• [What is being asked] For the entries that follow, restate word for word the line containing "2014 MAZDA 3 TOURING, null", the line containing "2005 Harley-Davidson FXDL/FXDLI", and every line that lies between them.

• [Data supplied]
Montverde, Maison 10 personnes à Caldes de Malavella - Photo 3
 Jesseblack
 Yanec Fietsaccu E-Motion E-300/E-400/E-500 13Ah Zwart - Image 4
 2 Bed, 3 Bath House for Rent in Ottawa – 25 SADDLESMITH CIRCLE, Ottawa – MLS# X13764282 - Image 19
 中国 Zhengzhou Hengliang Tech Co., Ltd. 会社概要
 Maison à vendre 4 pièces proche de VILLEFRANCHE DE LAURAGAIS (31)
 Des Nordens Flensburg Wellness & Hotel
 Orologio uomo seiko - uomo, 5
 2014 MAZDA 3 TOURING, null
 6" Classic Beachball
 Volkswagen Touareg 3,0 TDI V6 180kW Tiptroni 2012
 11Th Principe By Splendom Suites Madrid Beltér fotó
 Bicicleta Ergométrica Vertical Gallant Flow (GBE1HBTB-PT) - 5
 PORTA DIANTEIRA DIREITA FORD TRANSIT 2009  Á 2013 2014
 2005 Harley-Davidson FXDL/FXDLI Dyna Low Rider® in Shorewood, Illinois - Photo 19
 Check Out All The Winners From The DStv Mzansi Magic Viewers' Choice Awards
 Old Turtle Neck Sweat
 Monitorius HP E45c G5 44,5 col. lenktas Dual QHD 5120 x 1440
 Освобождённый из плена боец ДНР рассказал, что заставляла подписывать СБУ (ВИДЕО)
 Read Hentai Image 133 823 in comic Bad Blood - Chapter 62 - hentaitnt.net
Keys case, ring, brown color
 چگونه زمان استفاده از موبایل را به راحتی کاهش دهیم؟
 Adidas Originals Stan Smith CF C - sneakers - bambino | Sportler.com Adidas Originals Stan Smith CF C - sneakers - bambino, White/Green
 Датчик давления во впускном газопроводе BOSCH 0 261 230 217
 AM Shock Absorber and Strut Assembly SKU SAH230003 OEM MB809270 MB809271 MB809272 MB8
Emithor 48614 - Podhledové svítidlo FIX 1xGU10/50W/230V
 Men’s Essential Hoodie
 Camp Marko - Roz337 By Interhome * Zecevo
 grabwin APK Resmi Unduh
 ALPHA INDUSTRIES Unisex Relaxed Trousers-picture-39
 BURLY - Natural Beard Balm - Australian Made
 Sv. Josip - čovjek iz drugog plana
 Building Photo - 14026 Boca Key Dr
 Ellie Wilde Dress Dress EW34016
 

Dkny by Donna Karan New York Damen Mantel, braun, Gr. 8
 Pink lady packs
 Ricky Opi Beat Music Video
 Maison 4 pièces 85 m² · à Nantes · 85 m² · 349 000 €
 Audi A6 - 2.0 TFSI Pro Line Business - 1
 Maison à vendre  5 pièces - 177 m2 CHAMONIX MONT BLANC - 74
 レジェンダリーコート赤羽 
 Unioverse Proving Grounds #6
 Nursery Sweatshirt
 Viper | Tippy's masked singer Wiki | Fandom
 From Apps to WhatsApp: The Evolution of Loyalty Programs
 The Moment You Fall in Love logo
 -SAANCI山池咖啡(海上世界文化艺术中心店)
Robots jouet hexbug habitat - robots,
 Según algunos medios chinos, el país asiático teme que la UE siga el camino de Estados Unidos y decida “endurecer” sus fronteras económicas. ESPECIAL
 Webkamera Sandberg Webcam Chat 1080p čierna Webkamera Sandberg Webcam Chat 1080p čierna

• [Result of this task]
 2014 MAZDA 3 TOURING, null
 6" Classic Beachball
 Volkswagen Touareg 3,0 TDI V6 180kW Tiptroni 2012
 11Th Principe By Splendom Suites Madrid Beltér fotó
 Bicicleta Ergométrica Vertical Gallant Flow (GBE1HBTB-PT) - 5
 PORTA DIANTEIRA DIREITA FORD TRANSIT 2009  Á 2013 2014
 2005 Harley-Davidson FXDL/FXDLI Dyna Low Rider® in Shorewood, Illinois - Photo 19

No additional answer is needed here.